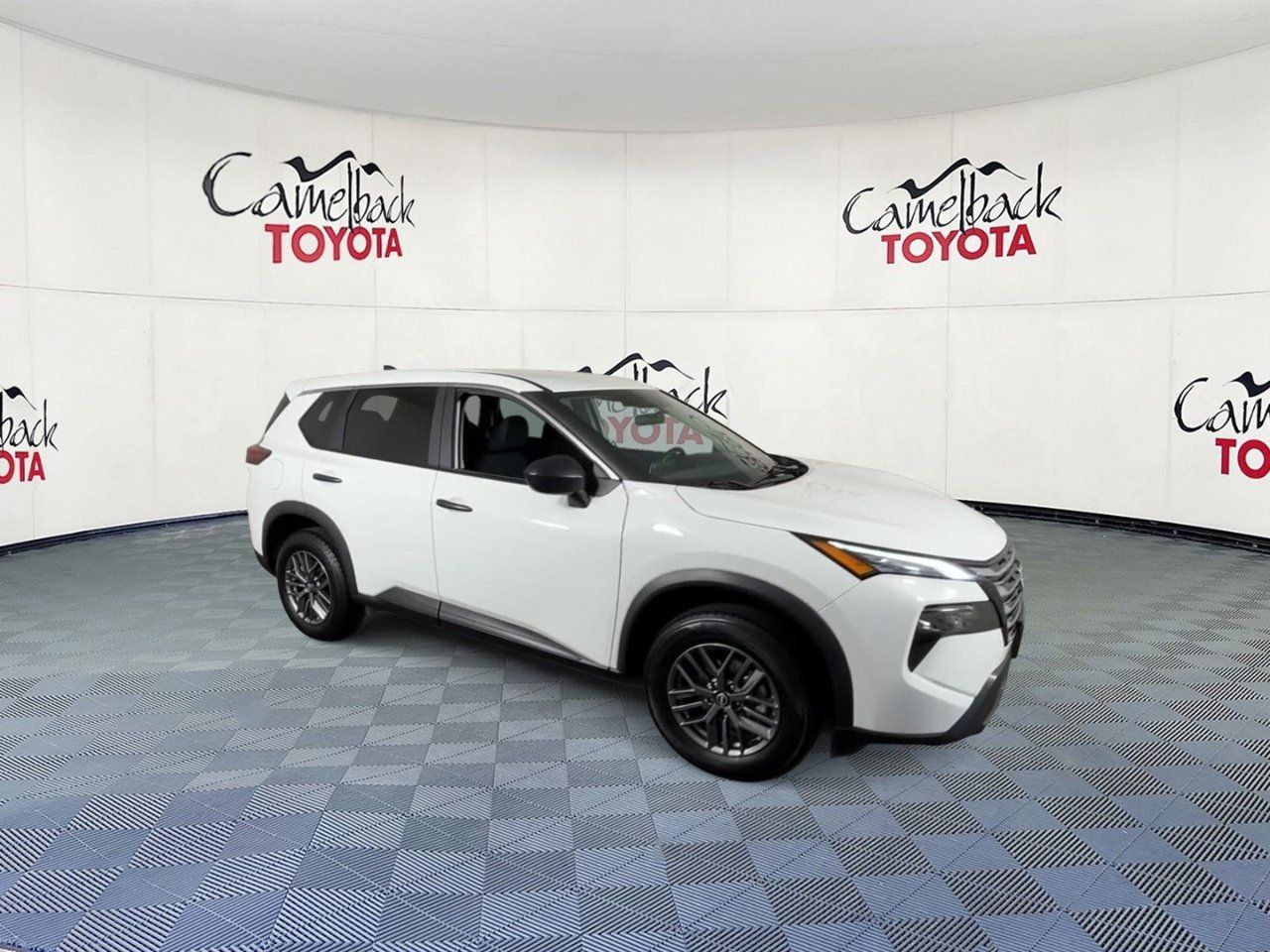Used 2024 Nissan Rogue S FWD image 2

========

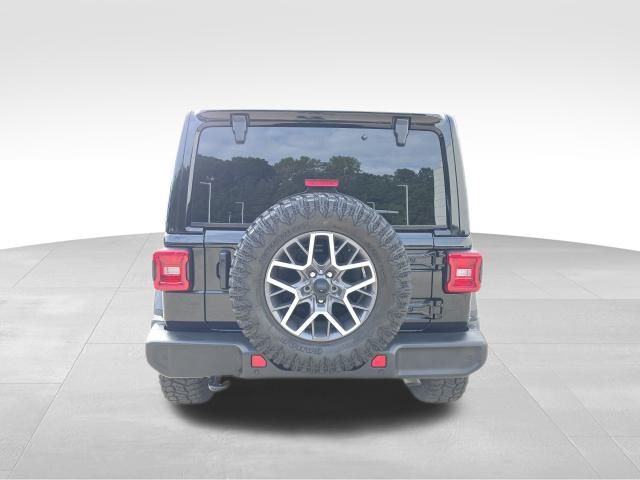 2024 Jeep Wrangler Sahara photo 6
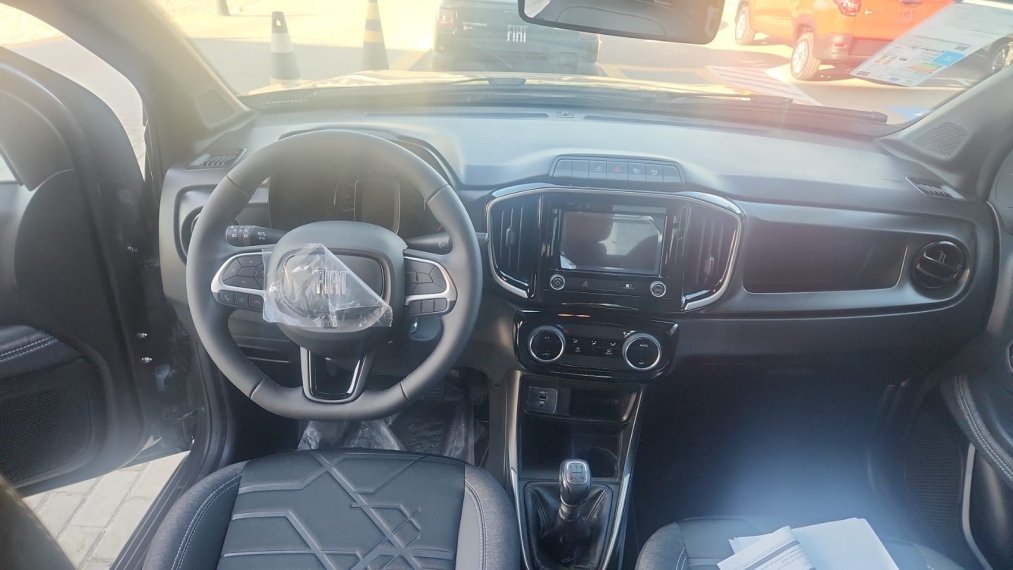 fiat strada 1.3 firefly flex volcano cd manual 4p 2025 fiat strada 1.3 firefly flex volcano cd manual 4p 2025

========

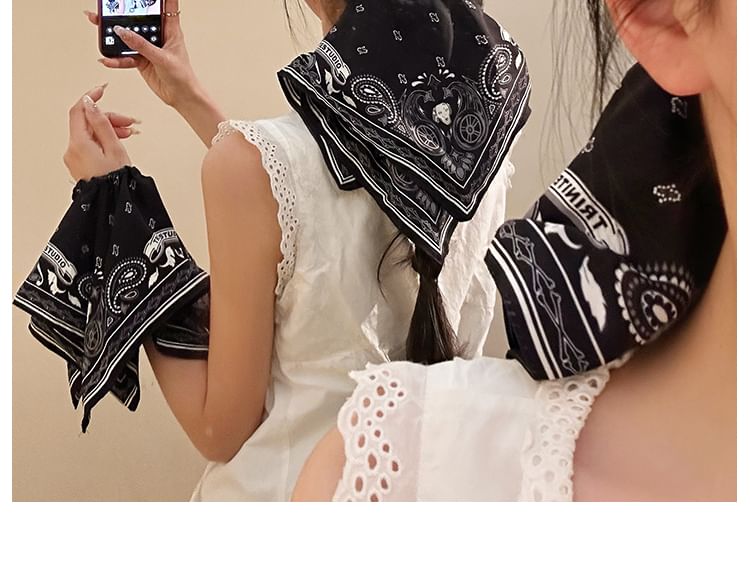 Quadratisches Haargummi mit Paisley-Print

========

# TASK
Write out the lines above from the one with "2024 Jeep Wrangler Sahara photo 6" through the one with "fiat strada 1.3 firefly flex volcano cd manual 4p 2025 fiat", ends included, exactly; no picture goes in.

# RESULT OF THIS EXERCISE
 2024 Jeep Wrangler Sahara photo 6
 fiat strada 1.3 firefly flex volcano cd manual 4p 2025 fiat strada 1.3 firefly flex volcano cd manual 4p 2025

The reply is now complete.